Allied Esports, the parent company that runs HyperX Esports Arena Las Vegas inside Luxor, reopened in June following a pandemic-spurred closure earlier this year. The arena is running at 35 percent less capacity than prior to the pandemic, with reduced operating hours and with sanitation measures, Allied Esports CEO Frank Ng told investors Monday on an earnings call. Though its in-person events were limited due to COVID-19 restrictions, the company has found success shifting its attention online, he said.

“Since opening, the demand we have seen for our weekly tournaments is very encouraging,” Ng told investors.

The company hosts weekly “Fortnite” and “Mario Kart” tournaments, which each drew more viewers during the third quarter than January through March. The number of unique viewers on Fortnite was up 1,144 percent in the third quarter compared to the first quarter while Mario Kart was up 136 percent.

Additionally, Allied Esports saw significant online growth in its World Poker Tour side of the business, Ng said. It’s a strategy shift to online that was already in the works prior to the COVID-19 pandemic, company executives told investors.

The company hosted its first-ever World Poker Tour World Online Championships on partypoker from July to September. The championships were “a phenomenal success with $100 million in guarantees in the festival” and five champions crowned, the company said in its earnings statement. The tournament had 285,000 total entries and garnered more than 3.5 million views on Facebook and more than 5.2 million impressions on Twitter, marking the World Poker Tour’s biggest social media footprint for a single event, the company said.

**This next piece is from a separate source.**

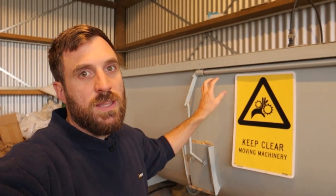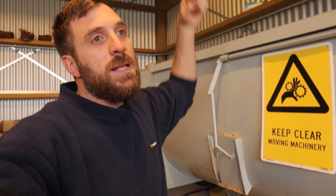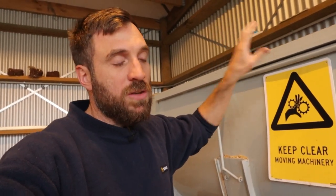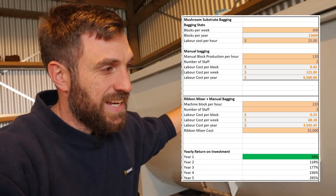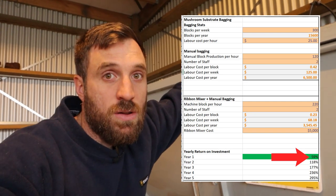This ribbon blender helps me manufacture growing blocks quicker. There are two schools of thought: dry bagging and wet bagging. I do wet bagging — we mix in the ribbon blender, pour it into a big container, and manually put it into sacks. This ribbon mixer nets us a return on investment of approximately 59% per year. It cost us about $5,000 to get from China, and it's netting us 59% of that back each year, so by year two it's quite a profitable piece of equipment.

“We’re never going back to a world where there’s no online WPT events,” World Poker Tour President and CEO Adam Pliska said.

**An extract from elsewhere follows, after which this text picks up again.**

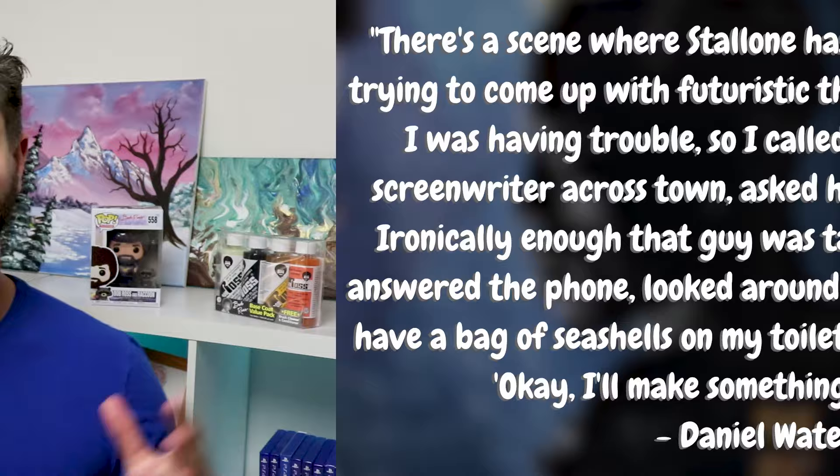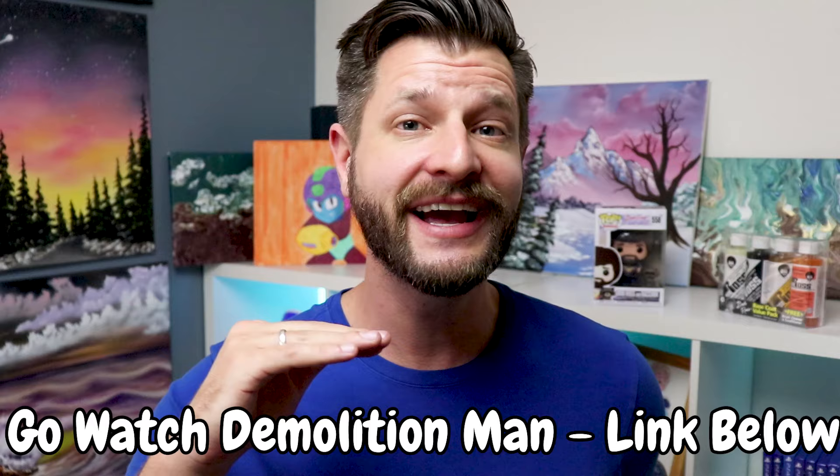And there you go — there is our answer. It's nothing really fancy, unfortunately, but it is actually kind of unique how the writer came up with it. This was a fun little tidbit because it made the brain think in different ways about how the future could actually be with waste. Most things we'd probably safely assume would be like the first answer — some type of futuristic bidet. I'm glad to have finally found an answer to this because I've seen Demolition Man a bunch of times and always wanted to know. I'm glad I was able to figure it out and share it with you guys, because I was curious to know.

Allied Esports generated $5.89 million in revenue during the third quarter this year compared to $6.04 million during the same time last year, the company reported. Executives attributed the year-over-year loss to a drop in in-person revenue, down to roughly $697,000 this quarter compared to $2.57 million during the third quarter last year.

The company’s net loss totaled $6.55 million during this quarter compared to a net loss of $4.25 million during the same period last year.

Stock prices for Allied Esports (traded as AESE on the Nasdaq) fell 6.81 percent to about $0.99 per share at closing time. They rose to $1 per share in afterhours trading.